School is a deep-learning framework on a tensor-first language, and the shape of the language shows through in how you write models. This chapter sets out what the framework covers and the constraints that come with it.

The surface documented in this book is the surface School provides:

  • The layers under School.Nn in the Layers chapter.
  • The losses and metrics under School.Loss in the Losses chapter.
  • The optimizers under School.Optim in the Optimizers chapter.
  • The schedules under School.Schedule and School.SchedExt in the Schedules chapter.
  • The data layer, training loop, and metrics under School.Data and School.Train in the Training loop and data chapter.
  • The models under School.Models in the Model library chapter.

The statistical primitives (distributions, special functions, linear algebra) come from the upstream nautilus shell, and the weight initializers come from upstream Std.Init. School does not reimplement these.

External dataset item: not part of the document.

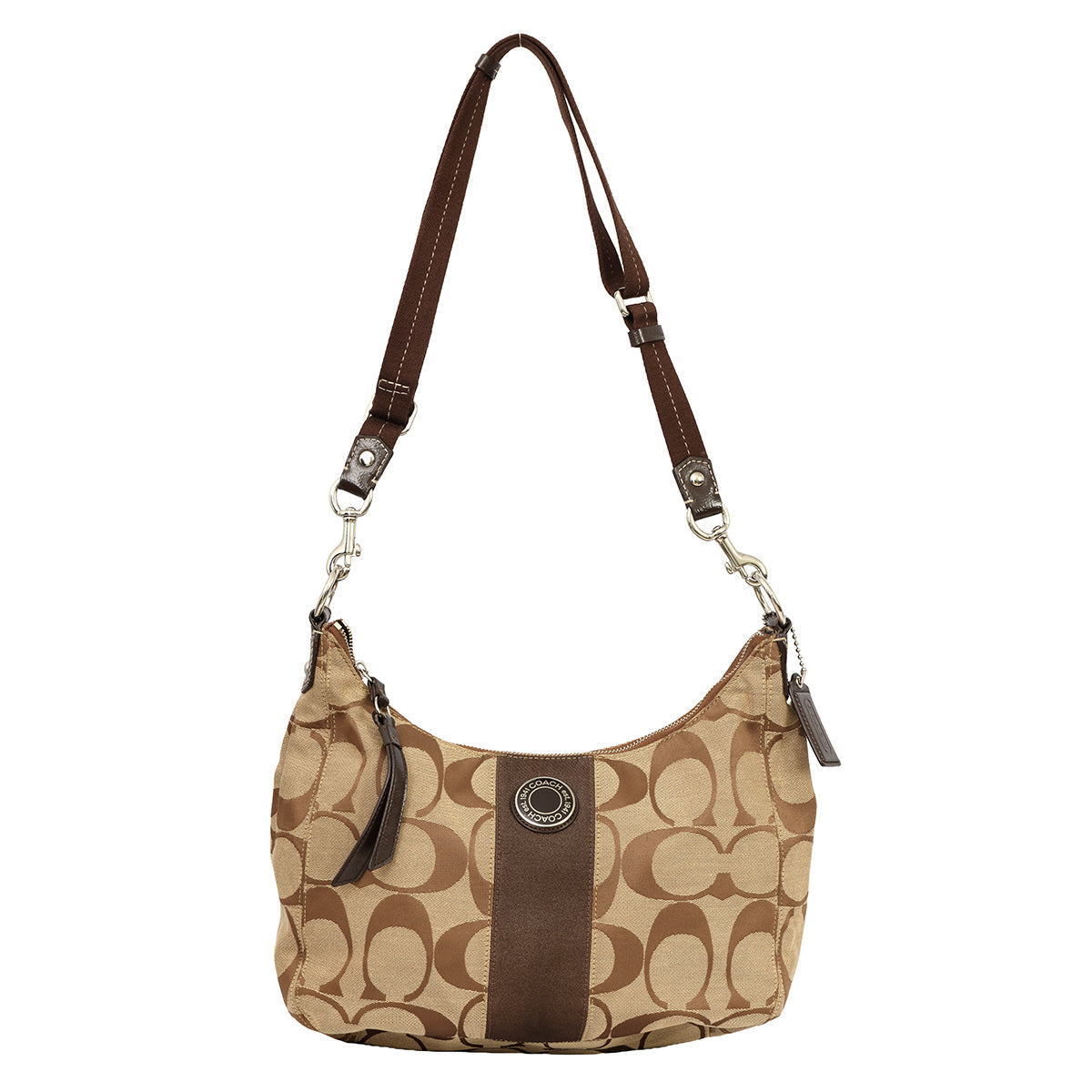 COACH SIGNATURE STRIPE CONVERTIBLE HOBO SHOULDER BAG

The framework differentiates with the language's grad transform, and that transform has a defined contract that shapes how loss functions are written:

  • grad(f)(args) differentiates a scalar-returning, pure-tensor function and returns the per-argument gradient as a tuple. The arguments are tensors and scalars.
  • The differentiated function does not take ADT, struct, or record arguments, and its body does not pattern-match or walk lists. The idiom is to unpack a parameter record in the caller and pass flat tensors to a pure local function. The MLP's mlp_sq_loss and mlp_sq_loss_value in the Model library are the reference for this pattern.
  • An if/then/else differentiates through the chosen branch. Loops and recursion are not differentiated through; instead, the training driver takes grad once per step and the recursion threads the updated parameters forward, outside the differentiated region.
  • There is no broadcasting. Where two tensors must align, the code uses expand and reshape explicitly. School's layers handle this inside their forward functions, so a caller passes a rank-1 bias to a linear layer and the layer expands it. When you write your own forward code, you align shapes yourself.
  • Reduction and expansion axes are compile-time constants. An axis is a literal, not a runtime value.
  • Values are immutable. Optimizers and the training loop thread new values explicitly rather than mutating in place. Every optimizer step and every loop step returns its next state.

Some models in the library run at a fixed input shape rather than over an arbitrary batch and resolution. ResnetV2 runs at batch 1 with an 8x8 spatial input, and SimpleVisionCnn runs at a 32x32 input. The configs for these models expose the channel and class counts; the spatial dimensions are fixed by the architecture. The model chapter notes which dimensions each model leaves polymorphic.

Initialization, the data loader, and the training loop are deterministic functions of their seeds. The same configuration and seed reproduce the same parameters, the same batch order, and the same trained result. This is what lets a training run be checked against a reference trajectory.